Re: [libvirt] RFC: virInterface change transaction API

Monday, 18 April 2011

On Fri, Apr 08, 2011 at 03:31:05PM -0400, Laine Stump wrote:
...
 I see 3 layers to this:

 1) libvirt

    At the libvirt layer, this feature just requires 3 new APIs, which
    are directly passed through to netcf:

        virInterfaceChangeStart(virConnectPtr conn, unsigned int flags);
        virInterfaceChangeCommit(virConnectPtr conn, unsigned int flags);
        virInterfaceChangeRollback(virConnectPtr conn, unsigned int flags);

    For the initial implementation, these will be simple passthroughs
    to similarly named netcf functions. (in the future, it would be
    useful for the server side of libvirt to determine if client<->server
    connectivity was lost due to the network changes, and automatically
    tell netcf to do a rollback). 
It helps to outline the usage scenarios for these APIs.
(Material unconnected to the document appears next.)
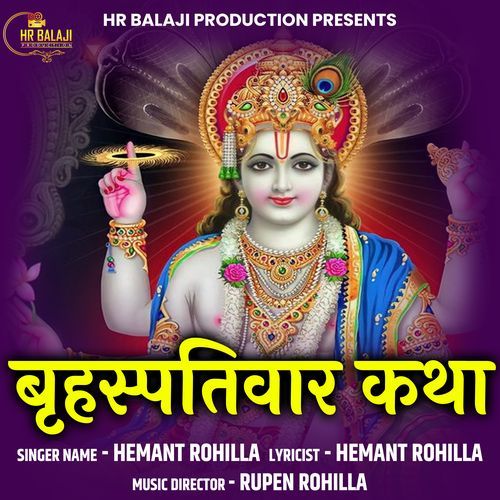 Veerwaar Ki Katha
The first
scenario is where the app is running locally, and thus able to
use the rollback API:

 a) Local app

   virInterfaceChangeStart

   n * virInterface{Define,Undefine,Start,Destroy}

   if (...app determined check to see if everything works..)
      virInterfaceChangeCommit
   else
      virInterfaceChangeRollback

 b) Remote app with rollback-on-reboot

   virInterfaceChangeStart

   n * virInterface{Define,Undefine,Start,Destroy}

   if (...app determined check to see if everything works..)
      virInterfaceChangeCommit
   else
      invoke remote power switch/fence agent to reboot

   ...init process does equivalent of virInterfaceChangeRollback

  c) Remote app with libvirt based auto-rollback

   virInterfaceChangeStart
   virInterfaceAutoRollbackTest("somehostname", someportnumber, somemillisecs)
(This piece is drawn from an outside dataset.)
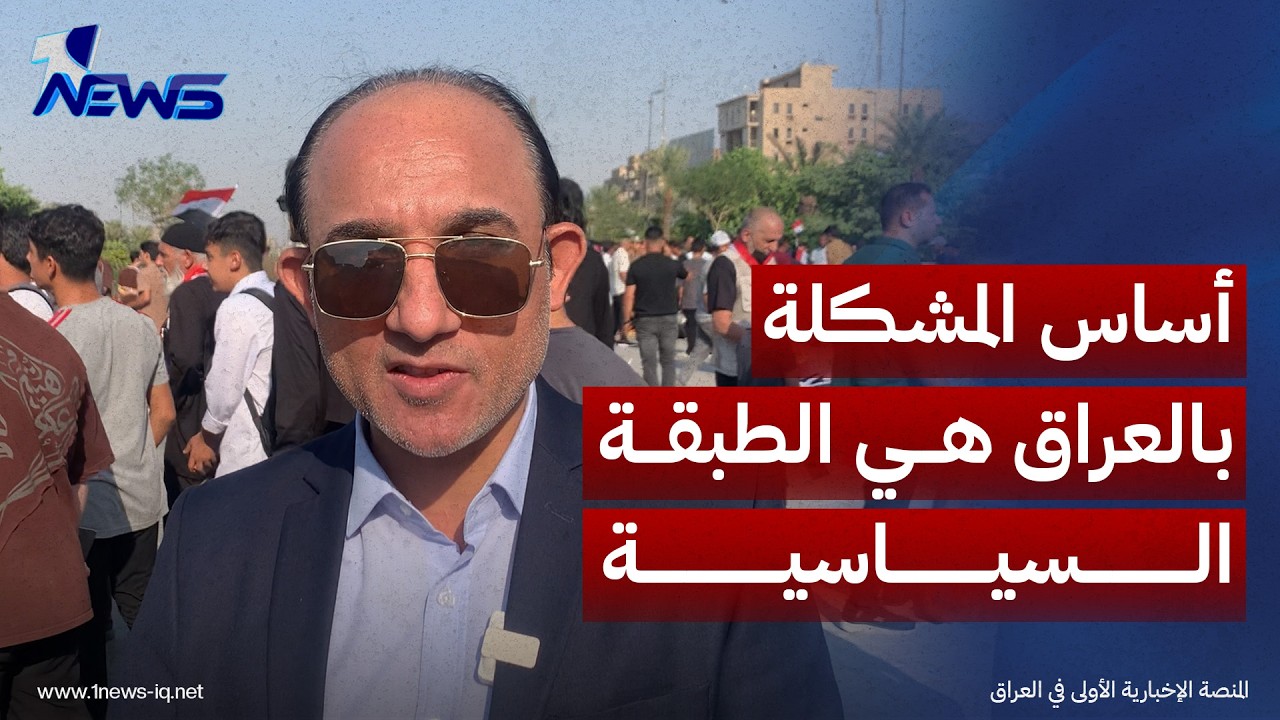 المحلل السياسي محمد نعناع: أساس المشكلة بالعراق هي الطبقة السياسية التي تعتاش على الفساد والطائفية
   n * virInterface{Define,Undefine,Start,Destroy}

   virInterfaceChangeCommit

   (if they messed up, virInterfaceChangeCommit would have
    failed due to network failure, and after somemillisecs
    auto rollback test will trigger virInterfaceChangeRollback

The virInterfaceAutoRollbackTest API is something I assume we'd build
into libvirtd in the next stage of work after the basic APIs are done.

...
 2) netcf

    The netcf api will have these same three APIs, just named slightly
    differently:

         ncf_change_start(struct netcf *ncf, unsigned int flags);

            There are two possibilities for this. Either:

             A) call the initscript described below to save all config
                files that might possibly be changed (snapshot_config)

               or

             B) set a flag in *ncf indicating that all future calls
                to netcf that would end up modifying a particular
                config file should save off that file *if it hasn't
                already been saved*.

             (A) is simpler, but relies on the initscript having
             exact/complete matching knowledge of what files netcf may
             change. Should we worry about that and deal with the
             complexities of (B), or is (A) good enough for now? 
I don't think it matters a huge amount.

...
         ncf_change_rollback(struct netcf *ncf, unsigned int flags);

            Again, two possbilities:

            A)
               a) save the config of all current interfaces (in memory)
               b) call the initscript below to restore the config to its
                  original state.
               c) compare the new config to the old, and:
                  * bring down any interfaces that no longer exist
                    (PROBLEM: once an interface has no config files, you can
                     no longer operate on it with "ifdown")
                  * bounce any interfaces that have changed
                  * bring up any interfaces that have been re-added 
Yes, this doesn't really work, because you need to determine what
has changed *before* restoring the config, so that you can have a
chance of doing 'ifdown' while the config still actually exists.

...
            B)
                a) ifdown all interfaces
                b) call initscript to restore previous config
 (rollback_config)
                c) ifup all interfaces.

            (A) is much simpler, but may lead to unnecessary
            difficulties when we bounce interfaces that didn't really
            need it. So, the same question oas for ncf_change_start() -
            is the more exact operation worth the extra complexity? 
To me  A) seems more complex than B). The problem with B) is that
if you have a multi-homed network, you may be taking down interfaces
that where never changed.

...
         ncf_change_commit(struct netcf *ncf, unsigned int flags);

             The simplest function - this will just call the initscript
             to erase the backup (commit_config).

 3) initscript

    This initscript will at first live in (be installed by) netcf
    (called /etc/init.d/networking-config?), but hopefully it will
    eventually be accepted by the initscripts package (which includes
    the networking-related initscripts), as it is of general use. (Dan
    Kenigsberg already already took a stab at this script last year,
    but received no reply from the initscripts maintainers, implying
    they may not be too keen on the idea right now - it might take some
    convincing ;-)

 https://fedorahosted.org/pipermail/initscripts-devel/2010-February/000025...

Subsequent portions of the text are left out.